The study evaluated all categories of cancer studies, such as treatment trials, biorepository studies and quality of life studies—the first time an estimate of participation in all types of cancer studies has been reported. Moreover, enrollment in cancer treatment trials was 7.1%, a notably higher participation rate than previous estimates of 2%–3%.

The study also found that enrollment in treatment trials was over five-fold higher at National Cancer Institute–designated cancer centers than at community sites (21.6% versus 4.1%), reflecting the impact that NCI funding for staff and infrastructure has on an institution’s ability to offer trials and recruit patients.

Using deidentified accreditation data provided by the Commission on Cancer, the study updated decades-old estimates for participation in cancer research. This expanded analysis includes more than 70% of people diagnosed with cancer in the U.S. each year who received care at a variety of clinical settings, from community hospitals and academic medical centers to National Cancer Institute-designated comprehensive cancer centers. Additionally, the study reflects the broad spectrum of cancer research including different study types and those sponsored by industry, government and other sources.
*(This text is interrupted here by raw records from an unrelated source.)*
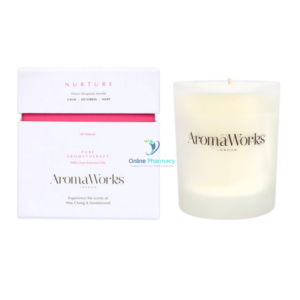 AromaWorks Nurture Candle 30cl Medium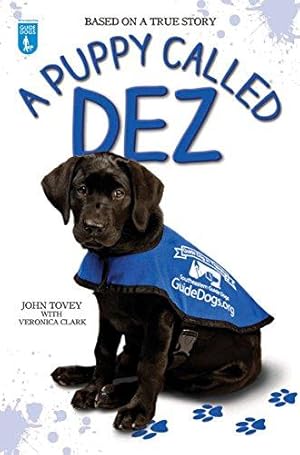 Imagen del vendedor de A Puppy Called Dez a la venta por WeBuyBooks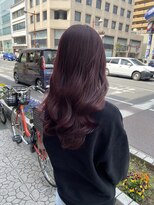 ボアップ(boappu)&nbsp;#ピンクブラウン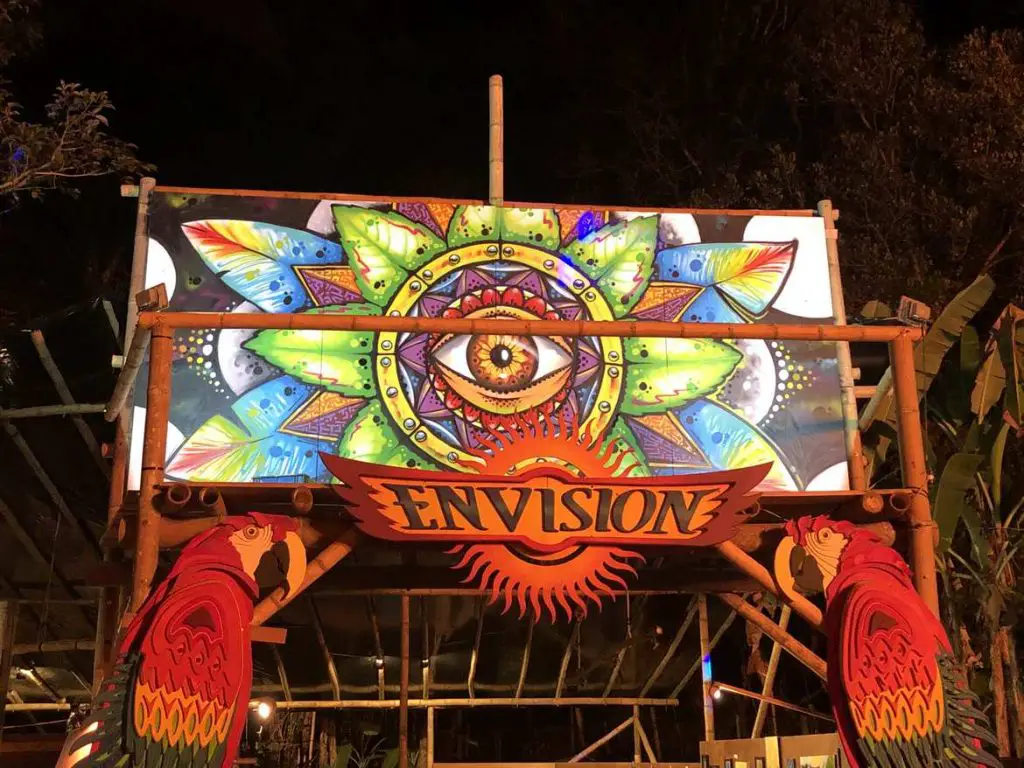 Envision Festival Costa Rica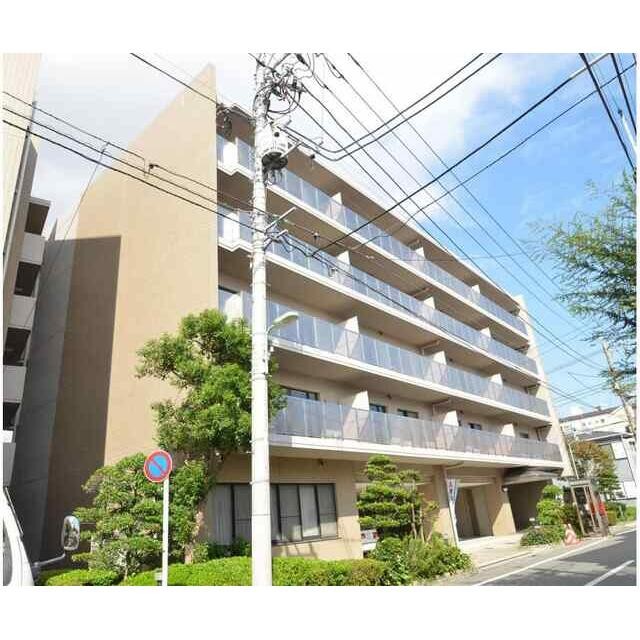 大田区西六郷2丁目 【賃貸居住】マンション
“As we work to increase participation in cancer research studies and make them more accessible to patients, we need an inclusive, accurate assessment of current participation to inform these policies,” said Joseph Unger, PhD, MS, a health services researcher and biostatistician at Fred Hutch and lead author of the study. “While we knew that patients play a significant role in advancing all types of cancer research, now we better understand just how commonly people are participating in all types of cancer studies today.”

While previous estimates of participation in cancer research studies were derived solely from government-sponsored trials, the study authors used patient data from a diverse range of trial sponsors and care settings for this analysis. Importantly, the data included settings such as community hospitals, where a majority of U.S. cancer patients receive care.

“We know that most patients with cancer will participate in a clinical trial if given the chance, and the level of enrollment we see at NCI-designated cancer centers shows what participation can be when patients are offered trials,” stated Mark Fleury, PhD, a policy principal at ACS CAN and senior author of the study. “These findings emphasize the need to offer more patients in community settings the chance to participate and that will require an investment in these sites that currently isn’t there.”

People with cancer enrolled in many different types of clinical studies. The study found the following participation rates in each type of clinical study: biorepository (12.9%), treatment (7.1%), registry (7.3%), genetic (3.6%), quality-of-life (2.8%), diagnostic (2.5%) and economic studies (2.4%). Expanding the types of cancer clinical studies in this analysis demonstrates that there are a variety of ways people choose to participate in cancer research beyond the previous assessments, which were based only on participation in treatment studies.

“Cancer clinical research, in all of its forms, simply cannot be conducted without the contributions of people with cancer,” emphasized Dr. Unger. “These contributions are much more extensive than was previously recognized. Cancer clinical research is a true partnership between those with cancer and those who study and treat cancer.”

Dr. Unger reports the following disclosure: serves as a consultant for AstraZeneca and the American Cancer Society Cancer Action Network, which is unrelated to the current work.